Por los vientos que soplan, se adivina la tormenta, dice el saber popular. La campaña electoral que ya está entrando en su fase de intenso apogeo, se anuncia desde ahora como una cargada de improperios, descalificaciones groseras, insultos y ofensas sin límite ni recato. La difamación y la calumnia proliferan en las redes sociales y en no pocos medios de comunicación. Expertos difamadores de todos los bandos y colores van mostrando poco a poco su arsenal infame de insultos y groserías. Es la hora de la procacidad y la vulgaridad.
La calidad de una campaña electoral sirve, entre otras cosas, para medir el nivel de la cultura política de los actores participantes. Si el insulto sustituye a las ideas y la calumnia reemplaza a la propuesta, la calidad de la campaña reflejará un bajo, bajísimo nivel de cultura democrática. La ausencia de ideas creadoras, junto a la proliferación de vituperios y groserías, muestra, como en un espejo, el sensible déficit de cultura política tolerante, plural y moderna. Así de simple…
Quienes seguimos de cerca el desarrollo de esta campaña electoral hemos podido comprobar, no sin cierta desilusión y molestia, el peligroso rumbo que va tomando la estrategia publicitaria de los diferentes actores. Unos más, otros menos, casi todos los autollamados “estrategas” tienden a descalificar al adversario en lugar de promover sus propios planteamientos y propuestas. El ataque personal, la descalificación grosera y el insulto descarado, con lenguaje soez y procacidad abundante, parecen ser algunos de los instrumentos preferidos por estos mal llamados “estrategas de campaña”. Algunos de ellos, extranjeros incluidos, se ufanan de sus malas prácticas y pregonan, sin pudor ni disimulo, la experiencia acumulada en campañas similares y el dominio perfecto del arte de difamar. Su objetivo es descalificar al contrario, exponiendo al público sus reales o falsos defectos y minimizando al máximo sus reales o falsas virtudes. Se trata de liquidar al candidato, no de refutar sus ideas.

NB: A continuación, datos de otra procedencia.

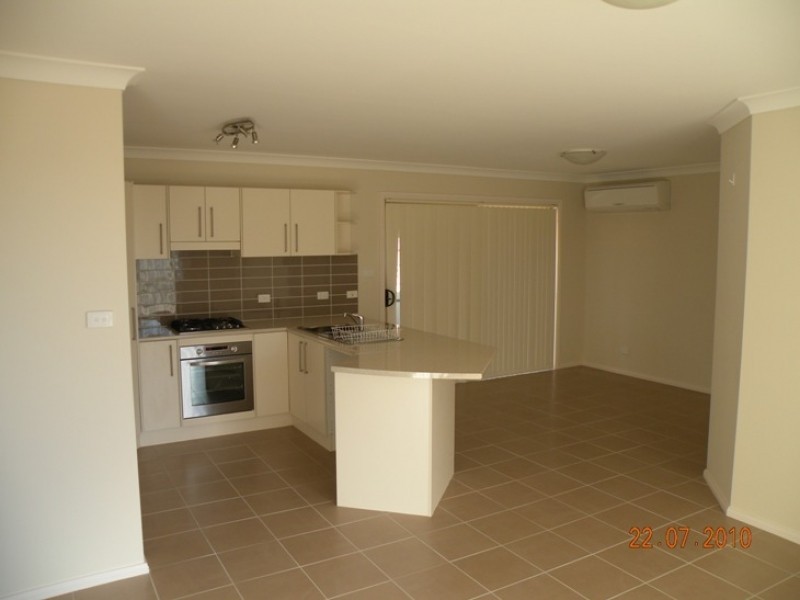 113 Binalong Street, Young NSW 2594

A lo largo de la transición democrática, prolongada y siempre inconclusa, los ciudadanos hemos ido a las urnas en al menos diez ocasiones, incluida la elección de la Asamblea Nacional Constituyente en 1980. En este prolongado periodo hemos ido formando, poco a poco – tropiezos y parálisis incluidos – una cierta cultura electoral, una acumulación de hábitos y costumbres derivados del ejercicio reiterado del sufragio. Pero, ojo con esto, no toda cultura electoral es forzosamente una cultura democrática. La primera puede existir sin la segunda, pero al revés es imposible, la segunda no puede prescindir de la primera. Muchos dictadores en la historia de nuestro continente han celebrado elecciones como un ritual recurrente y cotidiano. Stroessner en Paraguay y Somoza en Nicaragua llevaban a cabo elecciones con periodicidad pactada y siempre las ganaban. Creaban así costumbre electoral pero no permitían cultura democrática.
En el transcurso de casi cuatro décadas de transición inconclusa, los hondureños hemos aprendido, o deberíamos haberlo hecho, a celebrar elecciones cada cuatro años. Nos hemos acostumbrado a ellas, pero no parece que hayamos aprendido a practicarlas en base a las reglas que impone y aconseja la democracia. Seguimos siendo víctimas del fraude y la manipulación, seguimos siendo simples votantes, sin lograr convertirnos plenamente en electores. Votamos, pero no elegimos. Otros lo hacen por nosotros.
Y, como si fuera poco, con frecuencia pareciera que en lugar de avanzar retrocedemos. La campaña sucia que ya ha comenzado es una prueba evidente de lo que decimos. Al privilegiar la calumnia y la agresividad verbal como métodos preferidos en la estrategia publicitaria, revelamos, sin quererlo, la dimensión del retroceso y la parálisis agobiante que sufrimos en el proceso de construcción de valores y cultura democrática. Vamos para atrás, justo cuando deberíamos ir hacia adelante.
La conformación de una alianza opositora y el irregular fenómeno de la reelección ilegal, forma vergonzante del continuismo presidencial, son factores nuevos que, sin duda, aportan novedad al proceso, pero también incorporan elementos suficientes para la crispación y el enfrentamiento radical. La alianza va de frente y con todo contra la reelección, mientras el partido gobernante se empecina, irresponsablemente, en reelegir al gobernante. He aquí dos factores suficientes para encender los ánimos y caldear el ambiente. La agresividad verbal de los llamados “estrategas de campaña” sólo servirá para echar más leña al fuego y agregarle gasolina…Mucho cuidado con eso.